*The Pattern at Pendarvis,* 8/1/18
David Jay and I saw *The Pattern at Pendarvis* on 8/1/18, presented by the New Dog Theatre Company and StreetSigns. My friend Bryon in Wisconsin had told me about the play - - it’s an adaptation/dramatization of an interview that Will Fellows did as part of the research for his book *A Passion To Preserve: Gay Men as Keepers of Culture.* The story centers on Pendarvis, a historical site in Mineral Point, Wisconsin. Mineral Point was a 19th century center for lead miners from Cornwall and in the 1930s Robert Neal and Edgar Hellum bought some of the buildings and restored them, opening them as a tourist attraction and eventually a restaurant. The Wisconsin Historical Society took over the property in 1970 and gradually washed away all evidence of the gay couple who had created it.
It’s a three-character play: it’ll be easiest for me to call them the Old Man, the Young Man, and the Troublemaker. The Old Man is Edgar Hellum, the surviving half of the gay couple who restored Pendarvis. The Young Man is Rich Farnsworth, a fictionalized depiction of Will Fellows, the author of the book. It’s 1997 and the Young Man has come to Mineral Point to interview the Old Man. He’s greeted by the Troublemaker, the president of the Board that manages Pendarvis. The Troublemaker is very gracious at first. The Old Man shows up and the Young Man starts the interview. Whenever his questions steer in a vaguely gay direction, the Troublemaker reroutes the conversation back to the restoration angle. This happens again and again, leading to a heated argument between the Young Man and the Troublemaker. The Old Man eventually asks the Troublemaker to leave.
Their conversation becomes much more direct and, in a sense, intimate. At one point the Young Man asks him if he wishes he had been born thirty or forty years later, wouldn’t his life have been easier, wouldn’t it have been more fulfilling to have lived in a more open and honest way? The Old Man is somewhat insulted by this question. He doesn’t feel that the Young Man appreciates that his life with his partner had integrity and meaning, that they lived in an honest way even if they didn’t talk with others about their relationship. The play ends with a genuine and profound sweetness. The two characters have bonded, learned from each other, and formed a meaningful connection.
David Jay and I both enjoyed the play, it was consistently interesting and well done. We both felt it was low on drama, which is unusual for a play! But it worked on its own merits. It’s exactly the right length at an hour and twenty minutes, and has found a perfect home in the tiny theater south of Houston Street. This show will not transfer to a larger Off Broadway house and then on to Broadway, and we shouldn’t expect that it would. We both thought it would be good to be produced now and then during Pride Month, and it would work very well as a TV movie on Logo or similar.
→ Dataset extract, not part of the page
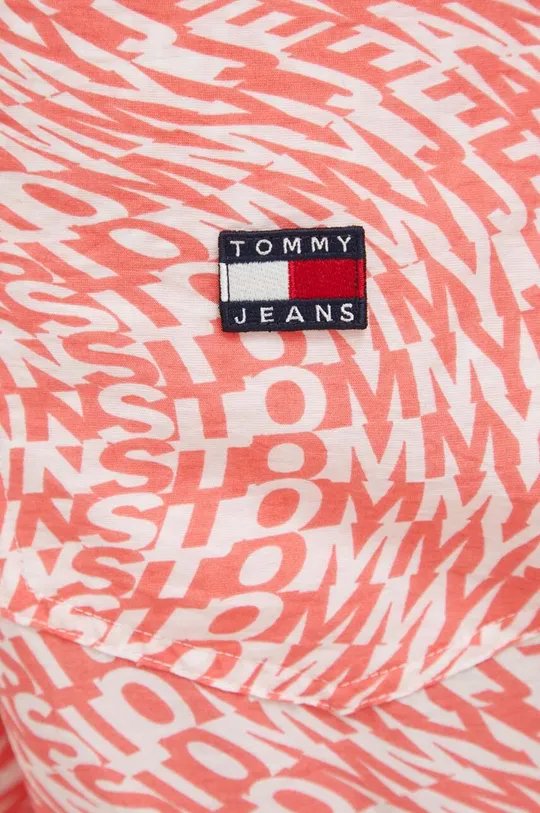 oranžna Hlače Tommy Jeans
The three actors were all first class. All three of them nailed the Midwestern reserve, I loved seeing that. David Murray Jaffe played the Troublemaker, which is maybe the trickiest part. He did a good job of sitting and listening and stirring things up when needed. He created drama without being dramatic about it, which I imagine is a difficult balance. Gregory Jensen played the Young Man. He was very appealing, and it has to be said, very handsome, and he had charming sort of awkward manner.
The most touching performance was by Lawrence Merritt as the Old Man, Edgar Hellum. He’s eighty years old (I did a little internet sleuthing to find that number), and has an impressive list of credits: he was in the original Broadway companies of *No Strings,* *Dear World,* *Applause,* and *Pippin.* He also appeared as a dancer with Ann-Margret, Raquel Welch, Liza Minnelli, Lucille Ball, and Ginger Rogers. It was a joy to see an actor of his age playing a leading role in a play. He had a warmth and sincerity that were very effective. At first I thought a few of his mannerisms (the way he emphatically blinked his eyes, his difficulty getting into and out of the chair) were choices for his character, but by the end of the show I wondered if they were actually parts of HIM! He did need help getting out of the chair for his curtain call…
I asked for a press ticket to this show and they offered me two, which is always a treat. But the biggest treat was walking into the theater and seeing that we had reserved seats! That was a first for me, I felt so VIP.